Our final day is all about the digital aesthetic of the passing game.
Hello, friends — welcome to Analytics Week. For five of our 100 Days to Kickoff, FTRS is bringing you college football analytics content, powered by our friends at cfbfastR, nflfastR, and Statsbomb.
We’ve spent the last four days talking through football analytics at a high level and grounding data concepts in reality. Like I said yesterday:
Fundamentally, we inherently understand these concepts as parts of the game; they’re things we can see and feel, and the only thing a computer is doing is just quantifying those feelings.
We’re not teaching anyone advanced math when we do this kind of work — we’re teaching them some deeper truth about the game and how to be “good” at it.
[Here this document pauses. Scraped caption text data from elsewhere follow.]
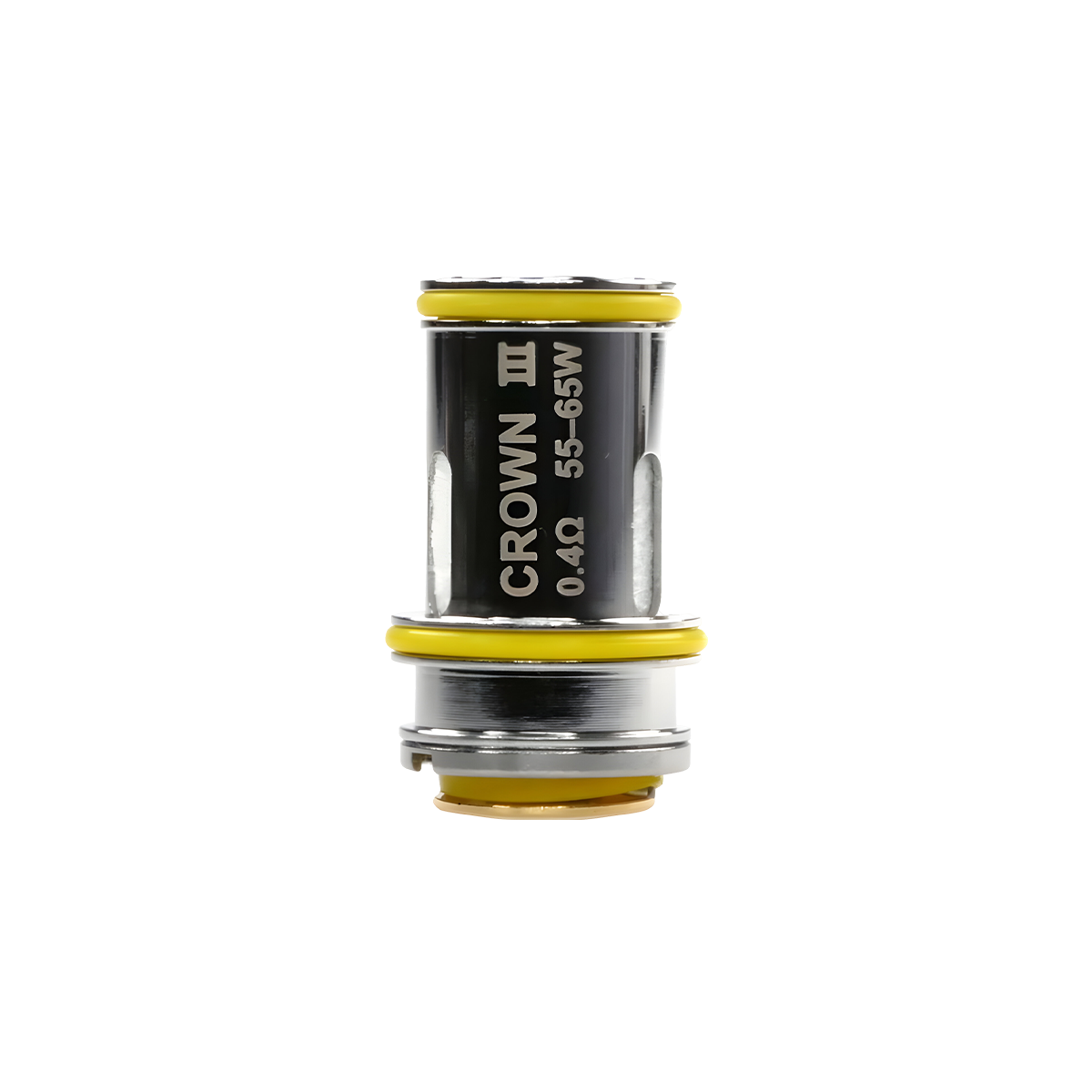 Uwell Crown 3 Coils 0,4 Ω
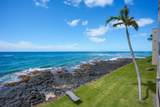 5050 Lawai Rd - Photo 10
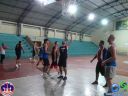 DSC08215.jpg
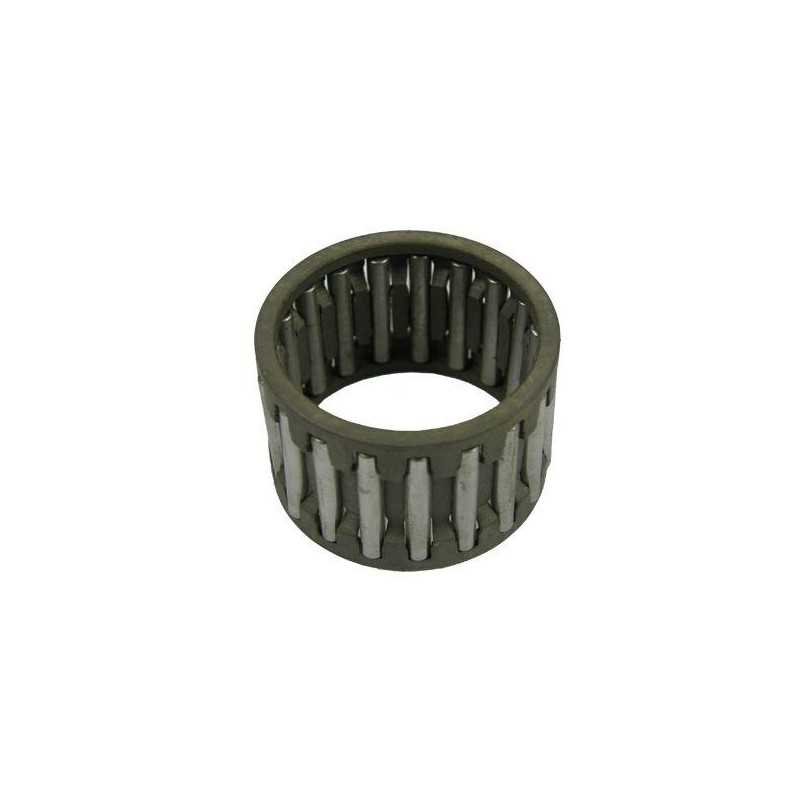 Adatinis guolis k25x30x20 971915 rm k25x30x20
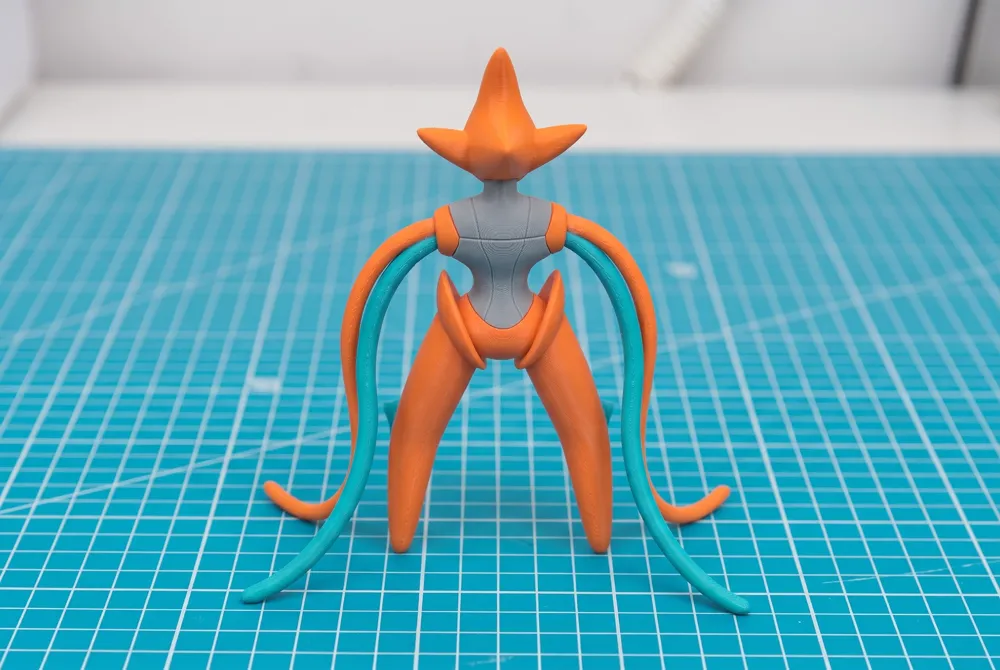 deoxys-attack-3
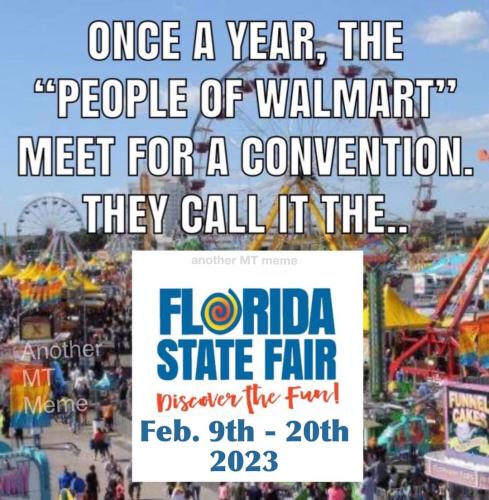 FB_IMG_1675775557644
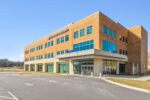News Release: CBRE Facilitates Sale of Fort Mill MOB Connected to Piedmont Medical Center – Fort Mill Hospital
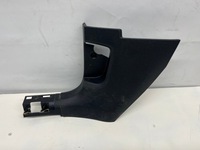 фото thumb №1, Vw t-roc защита порог левая 2ga863483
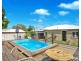 14e Quay Street, Bundaberg East QLD 4670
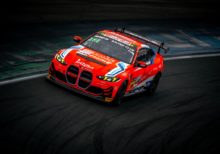 Zandvoort 2025 19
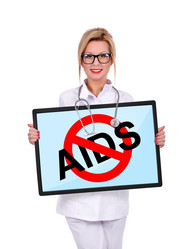 Similar image 5960281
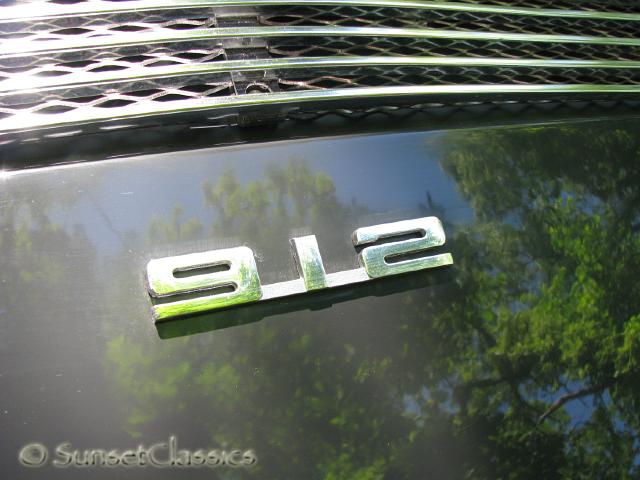 1969-porsche-912-955.jpg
Part of our discussion this week has centered around using EPA as a “truer” measure of offensive ability than yards. We can take this one step further and use EPA to split offensive ability by rush and pass: if EPA is better than yards in the aggregate, then it makes sense that it should also be better at these more micro levels. To see if that’s valid, let’s compare the R-squared values of yards and EPA splits (among other stats) when correlated to season win totals:
For context, here are the same trends for the NFL (we set the axes limits on the CFB chart to match these for easy comparison):
If EPA per dropback (AKA: EPA per pass) can explain 31% of the variance in season win totals by itself (admittedly not as large of an effect as in the NFL, but still significant), then it follows that tweaking the way we throw the ball might lead to more wins down the line.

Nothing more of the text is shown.